The reason I have this question is that I often make mistakes that I forgot to specify a value to a struct's field, then the compiler is fine, but the zero value causes bugs.
Here is an example. Say I have a type Foo defined like this in a package:
package types
type Foo struct {
RequiredField1 string
RequiredField2 string
}
It is exposed and has 2 fields that I'd like both of them to be specified when the Foo struct is created.
Then I can import and use it in my main function like this:
package main
import (
"github.com/foo/bar/types"
)
func main() {
f := &Foo{
RequiredField1: "fff",
}
fmt.Printf("f.RequiredField2: %v", f.RequiredField2)
}
This causes a bug because I forgot to specify RequiredField2 which is required. And I often make this kind of bugs :p
Now, in order to leverage the compile and prevent this mistake, I made a constructor function for Foo and asks for the required values.
func NewFoo(field1 string, field2 string) *Foo {
return &Foo{Field1: field1, Field2: field2}
}
So that if I forgot to pass field2, the compiler won't compile my code:
func main() {
f := NewFoo("foo")
fmt.Printf("f.Field2: %v", f.Field2)
}
The build will fail:
./prog.go:18:13: not enough arguments in call to NewFoo
have (string)
want (string, string)
Now the question is: how to stop the foreign callers (callers from other namespaces) from calling the default constructor of Foo, that is &Foo, and force them to use the NewFoo?
If I can, then I'm safe since NewFoo is the only way to create the Foo type and the compiler helps me ensure all fields are present when calling it.

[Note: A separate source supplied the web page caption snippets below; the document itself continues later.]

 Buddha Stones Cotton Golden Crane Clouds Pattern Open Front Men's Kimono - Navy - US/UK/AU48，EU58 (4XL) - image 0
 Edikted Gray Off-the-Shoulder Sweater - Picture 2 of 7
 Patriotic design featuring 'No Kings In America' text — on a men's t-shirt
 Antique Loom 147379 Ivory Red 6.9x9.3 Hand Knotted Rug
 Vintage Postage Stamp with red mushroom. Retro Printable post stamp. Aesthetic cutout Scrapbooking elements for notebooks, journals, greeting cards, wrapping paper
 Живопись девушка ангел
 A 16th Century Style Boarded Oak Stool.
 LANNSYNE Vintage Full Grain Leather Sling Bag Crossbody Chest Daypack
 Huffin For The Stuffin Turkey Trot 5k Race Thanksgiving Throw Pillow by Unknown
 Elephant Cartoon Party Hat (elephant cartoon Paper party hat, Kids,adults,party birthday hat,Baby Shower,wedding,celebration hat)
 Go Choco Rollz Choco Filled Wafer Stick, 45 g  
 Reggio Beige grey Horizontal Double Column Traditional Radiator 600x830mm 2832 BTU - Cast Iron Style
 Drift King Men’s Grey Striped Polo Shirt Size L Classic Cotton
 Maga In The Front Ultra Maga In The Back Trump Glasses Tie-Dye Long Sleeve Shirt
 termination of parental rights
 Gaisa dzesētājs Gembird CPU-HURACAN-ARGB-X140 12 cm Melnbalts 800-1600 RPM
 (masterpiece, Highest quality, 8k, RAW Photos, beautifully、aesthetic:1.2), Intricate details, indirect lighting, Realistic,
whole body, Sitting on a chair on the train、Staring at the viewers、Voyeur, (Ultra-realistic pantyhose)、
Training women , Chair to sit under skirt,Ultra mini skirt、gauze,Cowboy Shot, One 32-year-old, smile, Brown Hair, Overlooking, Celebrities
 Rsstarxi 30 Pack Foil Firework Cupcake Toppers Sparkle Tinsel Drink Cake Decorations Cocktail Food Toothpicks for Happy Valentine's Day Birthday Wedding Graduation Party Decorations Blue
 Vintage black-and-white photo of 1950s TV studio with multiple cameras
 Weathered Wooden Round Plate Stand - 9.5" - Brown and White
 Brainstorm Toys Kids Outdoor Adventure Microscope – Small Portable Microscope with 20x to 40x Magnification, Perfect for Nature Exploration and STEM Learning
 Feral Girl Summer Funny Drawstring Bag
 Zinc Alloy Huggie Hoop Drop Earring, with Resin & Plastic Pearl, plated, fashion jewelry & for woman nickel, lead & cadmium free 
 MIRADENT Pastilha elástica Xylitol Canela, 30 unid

You can avoid this problem by making Foo type unexported.
You can make an interface that is Exported and has all the methods that Foo type performs.
Example:-
type Foo interface{
DoSomething()
}
type foo struct{
RequiredField1 string
RequiredField2 string
}
func NewFoo(requiredField1 string,requiredField2 string)*foo{
return &foo{
RequiredField1:requiredField1,
RequiredField2:requiredField2,
}
}
func (f *foo)DoSomething(){
// your implementation
}
In this way all the caller will be able to access it but cannot create foo without NewFoo function.
How to hide the default type constructor in golang?
You cannot for an exported type.
Get used to it, it is not a problem in real life.
(For unexported types, just provide a func NewUnexportedType(...) unexportedType. )
it's helpful to arrange when designing your data structures that the zero value of each type can be used without further initialization.
we often need to change the type definition, like adding more fields
That is why you should make the zero value for struct fields significant. The behavior is by design. For example, it is used to maintain the Go 1 compatibility guarantee.